As I said before I agreed with you on Africans inability to turn around their economies for progress of Africans .
Paul , thank you for bringing up your view.
Maxs: I did not blame the colonial system or colonial masters for any present crisis but just making an analysis to reach at the root cause of the ‘Back way’ syndrome. My emphasis is on the inability of the African to overturn that system as the major cause of the problem. And that blame if you like goes to the both the present and past African leaders and not the colonials. Do i make myself clear this time around?
Yerro Ba, please read your quotes below ; I just want clarity and not to misunderstand you . Here is what you said .
Yerro Ba “however, the economic system left behind by our colonial masters that reduce Africa to just producing raw materials for European industries which products are send back to Africa at cut throat prices and the Africans inability to turn our economies around is much to be blamed for this back way menace”.
In the above quotes you clearly stated the root causes which was separated by the word “And” which you indicated are to be blamed . As I said I agreed with you the last part while I disagreed with this part “economic systems left behind by colonial masters” which you blamed for this crisis.
Here are another quotes:
Yerro Ba: “the colonial system is what I describe as the root cause and our inability to turn that around is what I said is much to be blamed for the back way menace , not colonial masters parse”
The above statement is different from original quote which you blamed both economic systems left behind by our colonial masters and africans inability…., this is the statement You want me to understand.
Yerro Ba :” I did not blame the colonial system or colonial masters for any present crisis just making an analysis to reach at the root cause of the back way syndrome ”

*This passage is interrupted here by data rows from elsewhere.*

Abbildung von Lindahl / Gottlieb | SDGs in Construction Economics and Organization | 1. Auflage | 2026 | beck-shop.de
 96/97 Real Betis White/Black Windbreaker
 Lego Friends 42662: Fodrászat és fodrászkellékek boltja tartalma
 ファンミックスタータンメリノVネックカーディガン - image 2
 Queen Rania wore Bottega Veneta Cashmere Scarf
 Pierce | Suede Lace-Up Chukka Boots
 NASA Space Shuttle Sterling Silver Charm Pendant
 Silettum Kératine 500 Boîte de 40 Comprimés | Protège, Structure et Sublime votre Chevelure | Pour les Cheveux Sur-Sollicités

It is very interesting here because all three quotes in the above are stating root cause( economic systems left behind by colonial masters) . Yerro ba , you believe that the root cause was economic system left behind by our colonial masters but at the same time you don’t want to admit that root cause lead to back way menace ( its effect),. I want to remind you that every cause ( problem ) has an effects , so going by your logical statements , if the root cause was ” economic system left behind by our colonial masters ” then the effect will be “back way menace” you indicated . I fully disagreed with that assertion that was why I indicated that african countries are not the only ones which are victims of colonialism.
To be fair if only you worded your statements in a way that indicated that africans inability to turn around our economies for africans progress , then I won’t respond because we agreed on that . I hope you also get my points . Thank you .
Maxs; It appears that you are just interested in semantics to prolong an argument.I do not want to specialize in condemning the Colonialists for the present economic crisis we find ourselves today. However, let me state that i simply cited the past economic system imposed on us during the period and my intention is simply to blame independence leaders for their inability to turn around that system for the good of the African. The root cause of our present economic system is colonialism which leads to the stagnation of the economies of Africa in the present which has among its adverse effects the ‘Back way menace’. That is my analysis. So no matter how you interpret it i want you to understand that i intend to blame only the African leaders who had and still have all the opportunity to make that transitional economic change happen. If this is what your emphasis is, i say we are together irrespective of semantics.